**STUDY MATERIAL**:
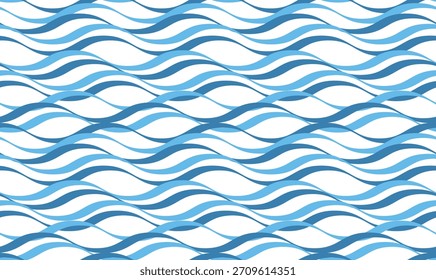  Wave seamless pattern. Abstract wave curved lines. Vector seamless background.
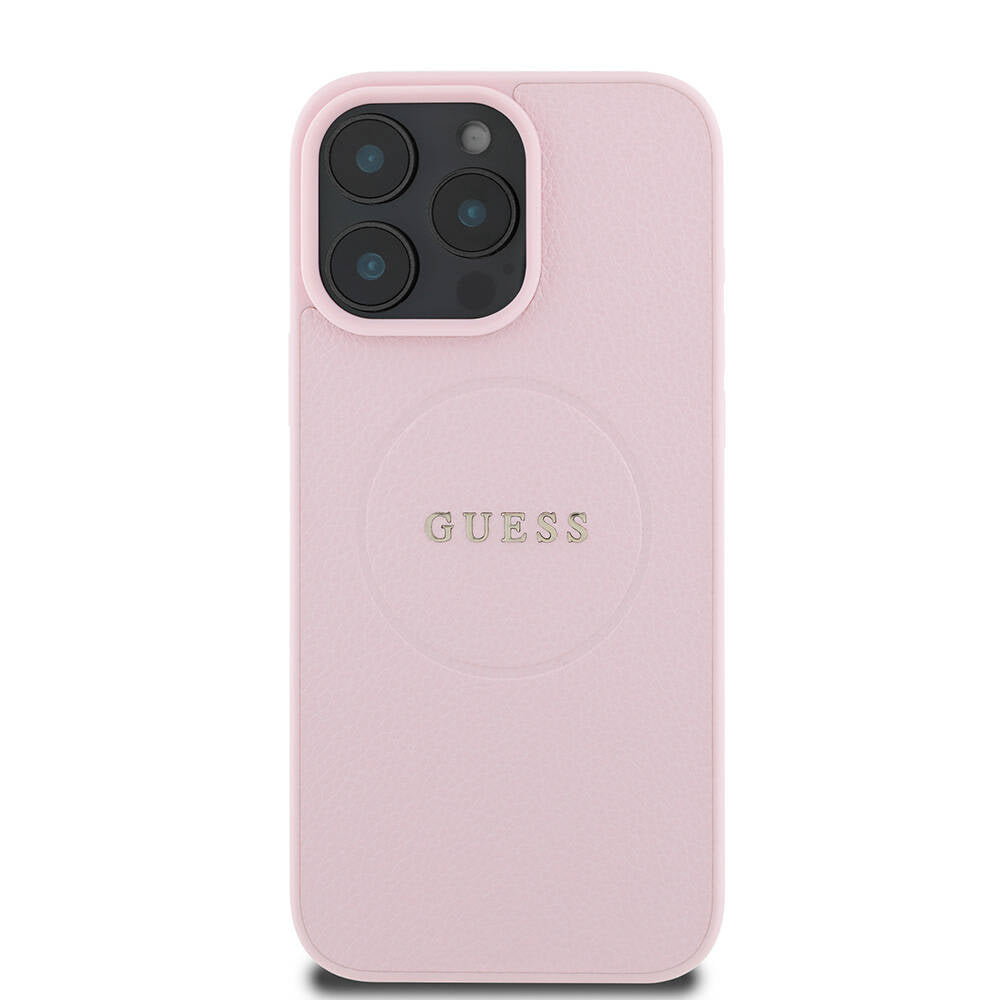 iPhone 16 Pro Max Kılıf Guess Orjinal Lisanslı M-safe Şarj Özellikli Yazı Logolu Grained Kılıf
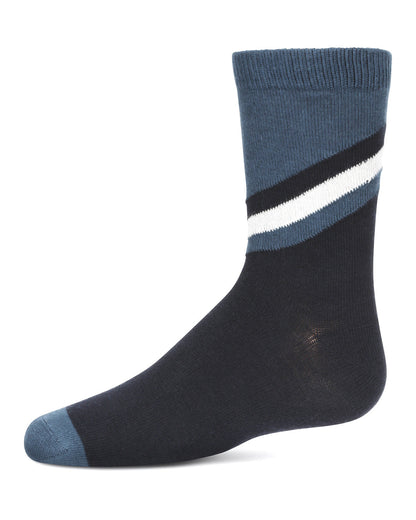 Boys' Geometric Diagonal Stripe Crew Socks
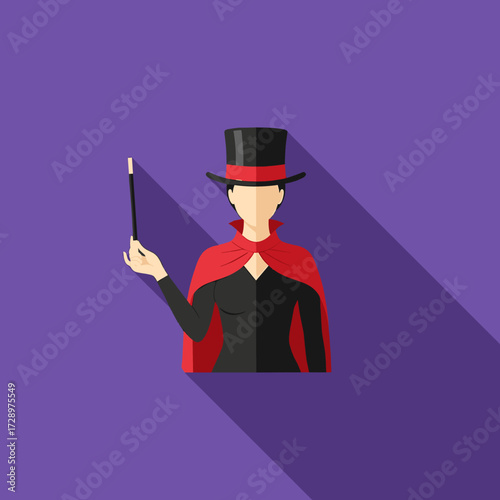 A flat illustration of a magician in a top hat holding a wand.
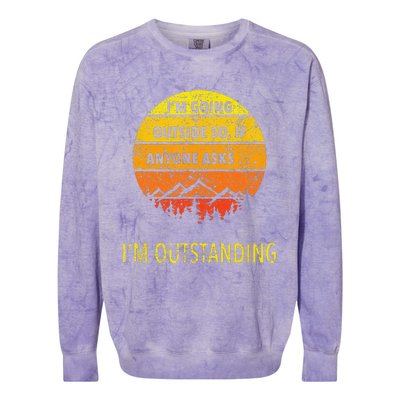 Funny Outdoor Dad Joke Pun I'm Outstanding Colorblast Crewneck Sweatshirt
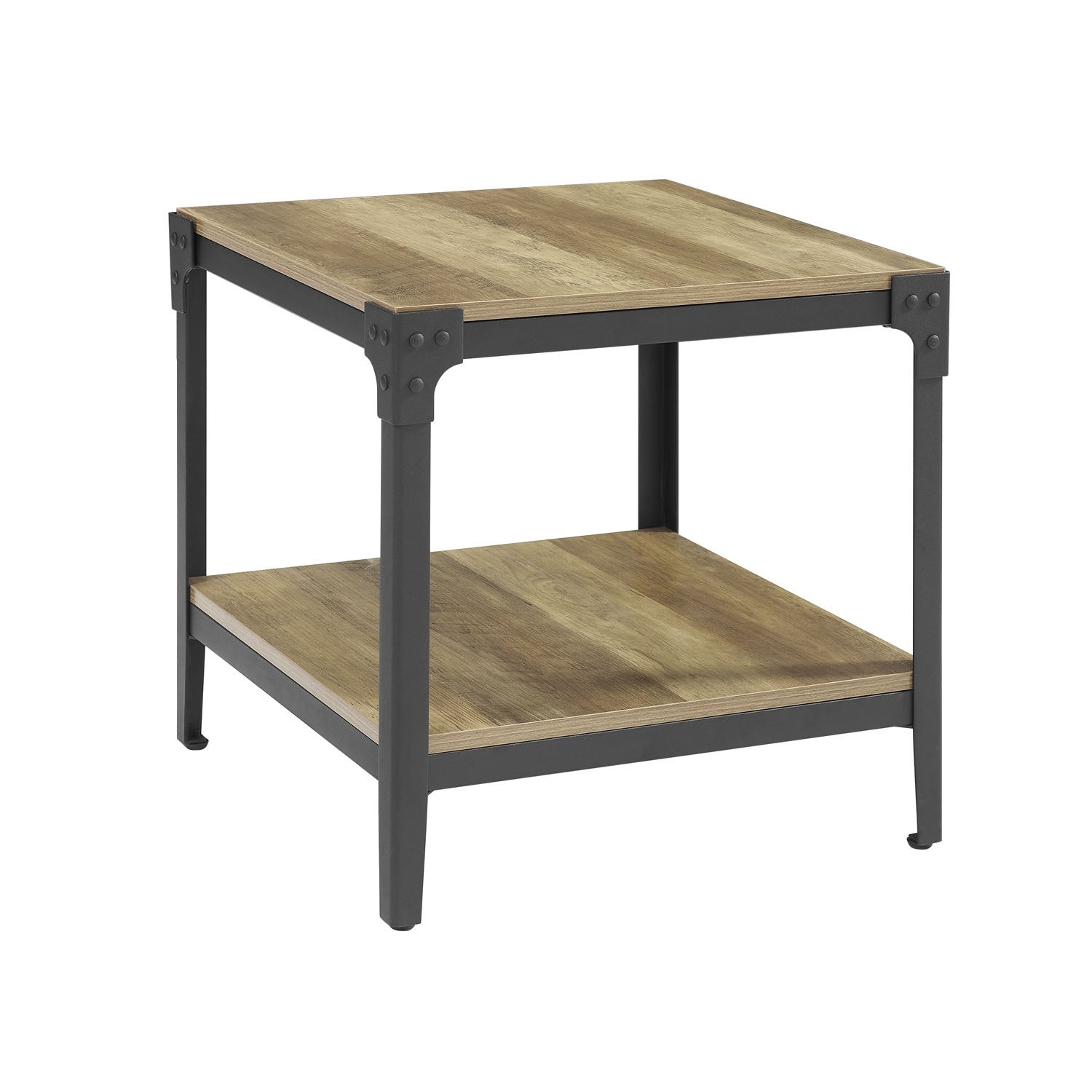 Offex Angle Iron Rustic Wood End Table， Set of 2 - Rustic Oak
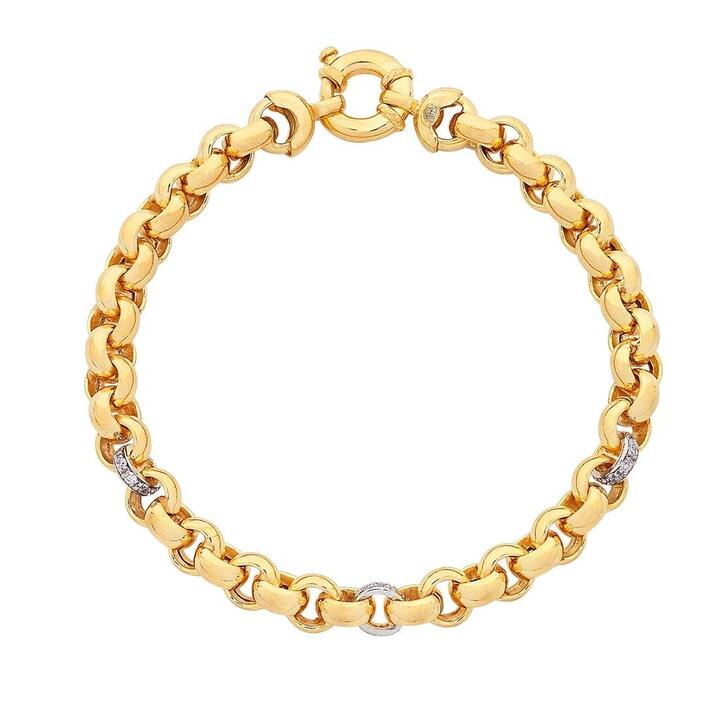 Image of Bracelets. Product name - 9kt Yellow Gold Bonded Belcher Bracelet in colour by brand - Bevilles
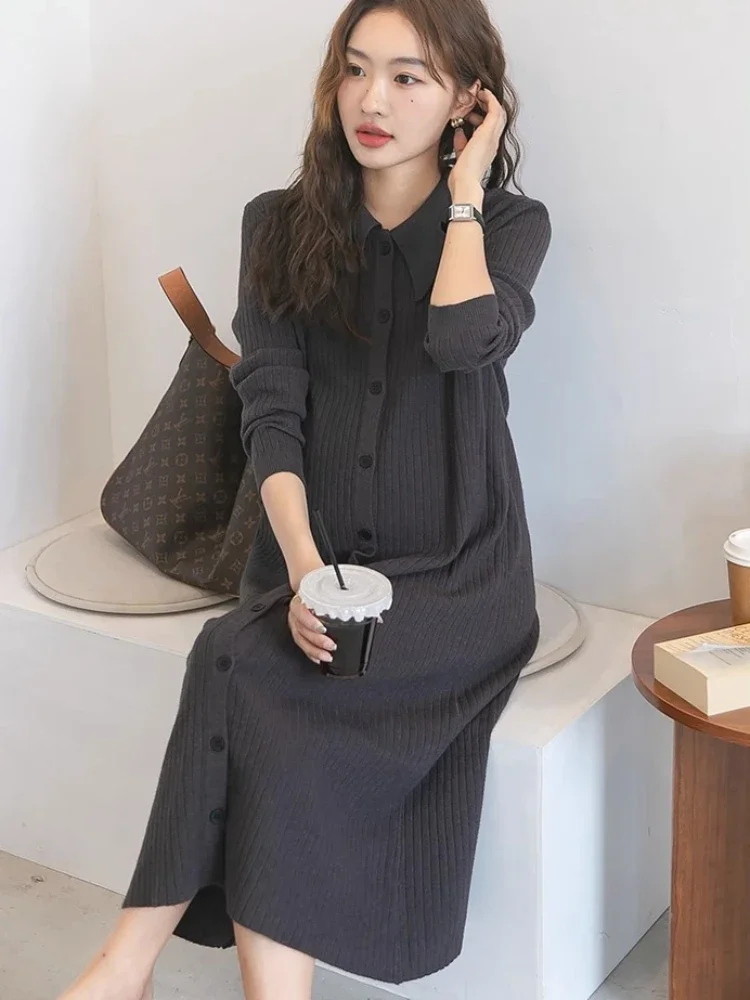 Knitted Dresses Women Leisure Loose Simple Mid-calf Comfortable Slouchy Korean Style Temperament Gentle Ladies Daily Outer Ins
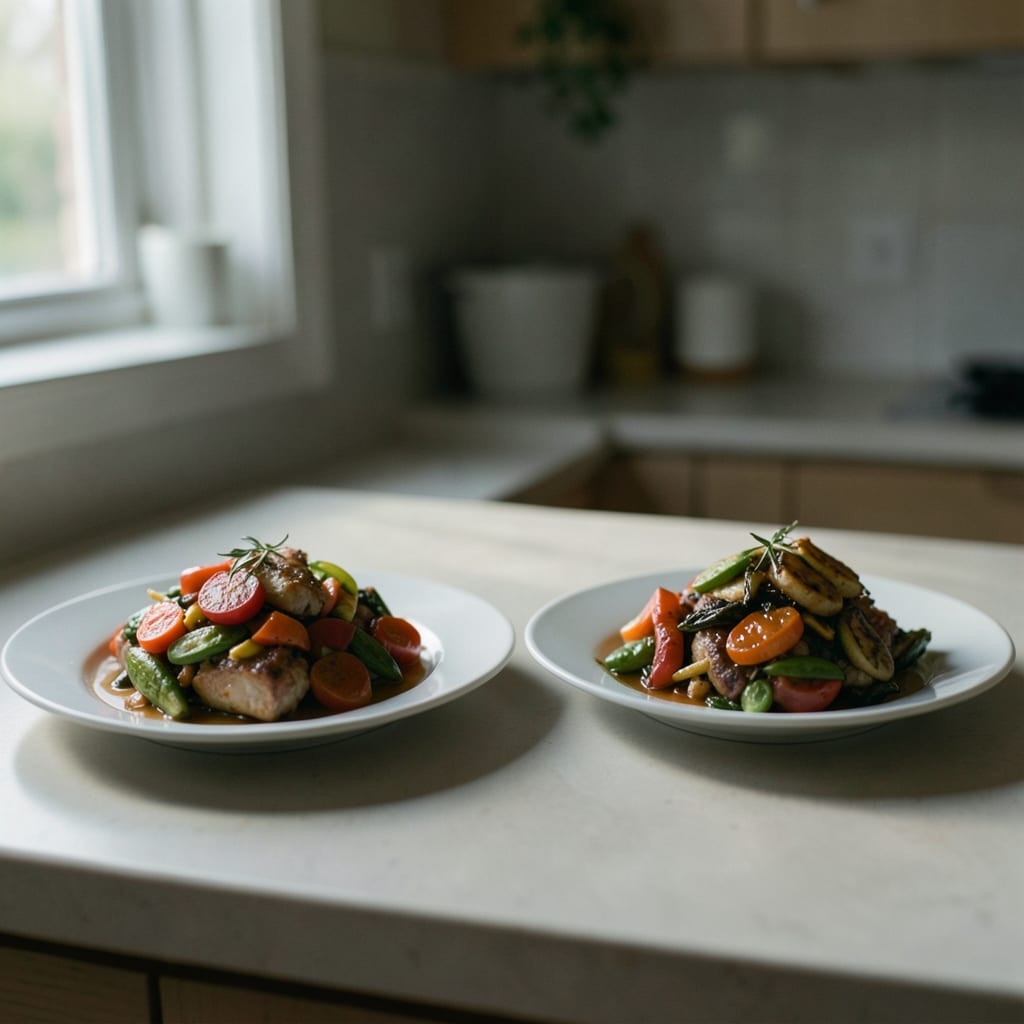 Two versions of the same dish, side by side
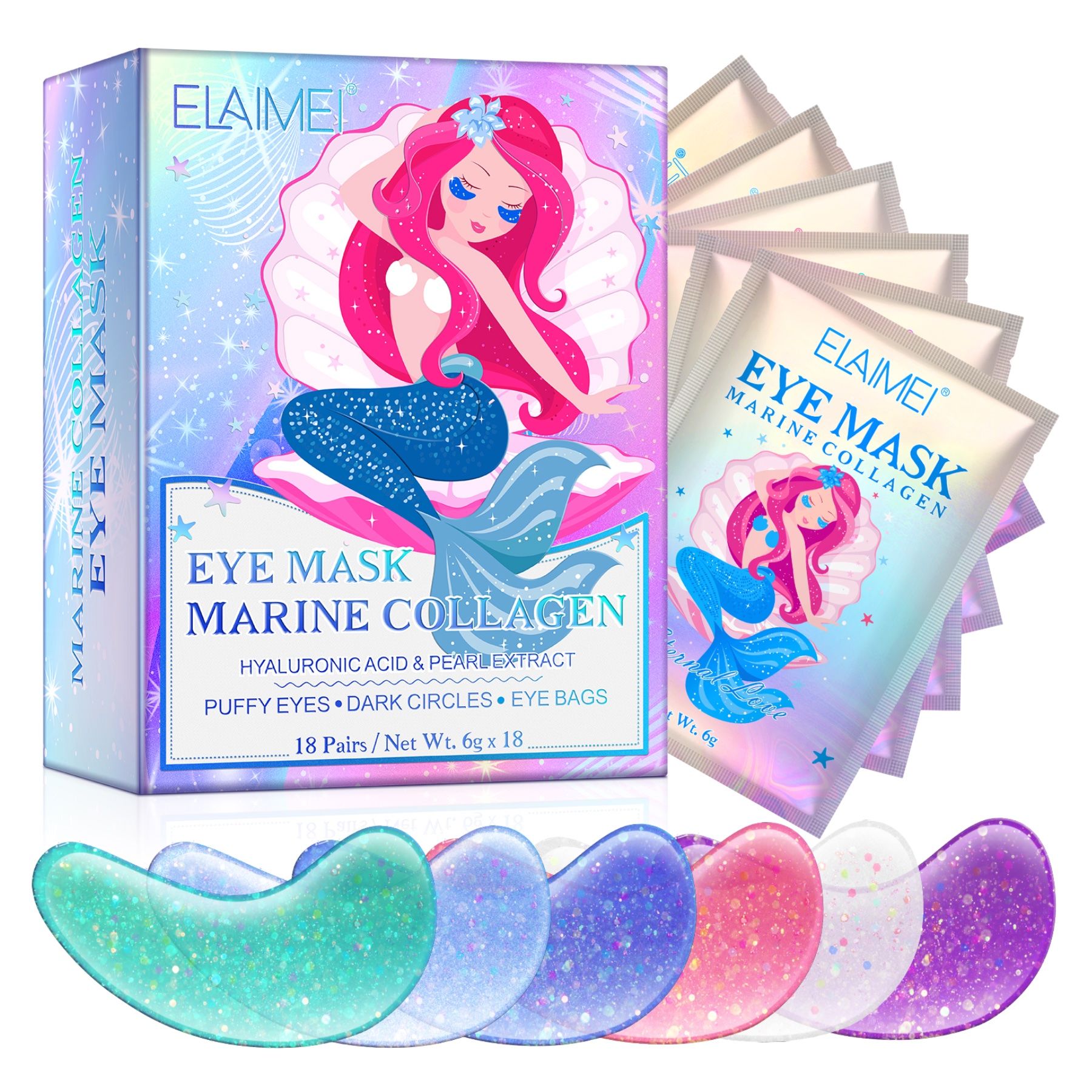 ELAIMEI Eye Mask Packung mit Meerjungfrau-Design, 18 Paar Augenpads. Verschiedene Farben der Pads sind sichtbar.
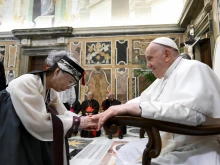 Pope Francis greets a delegation of Korean Catholics at the Vatican on Sept. 16, 2023.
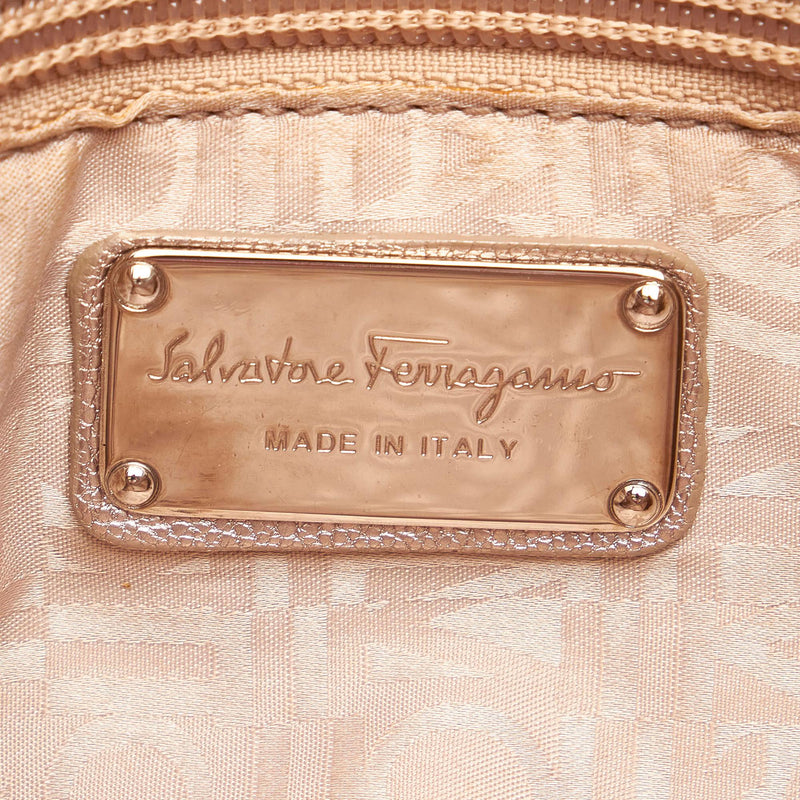 Salvatore Ferragamo Metallic Leather Vara Shoulder Bag (SHG-32625)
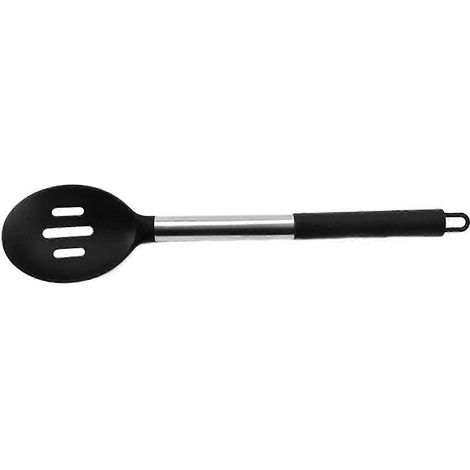 Cuillère de service de cuisine rouge, de qualité alimentaire, pour mélanger et servir lors de réceptions à la maison.-Black Slotted Spoon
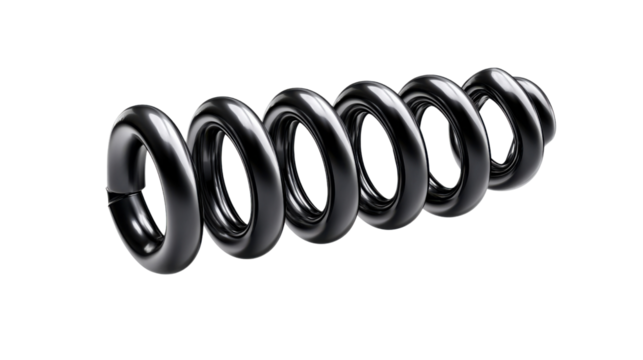 Mechanical Coil Spring: A black mechanical coil spring isolated, representing industry and engineering components with a sleek, modern aesthetic. Emphasizing functionality and precision.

**GOAL OF THE EXERCISE**: Here the job is to output the lines from the top of the listing through the line holding "Funny Outdoor Dad", word for word and without pictures.

**WRITTEN SOLUTION**:
  Wave seamless pattern. Abstract wave curved lines. Vector seamless background.
 iPhone 16 Pro Max Kılıf Guess Orjinal Lisanslı M-safe Şarj Özellikli Yazı Logolu Grained Kılıf
 Boys' Geometric Diagonal Stripe Crew Socks
 A flat illustration of a magician in a top hat holding a wand.
 Funny Outdoor Dad Joke Pun I'm Outstanding Colorblast Crewneck Sweatshirt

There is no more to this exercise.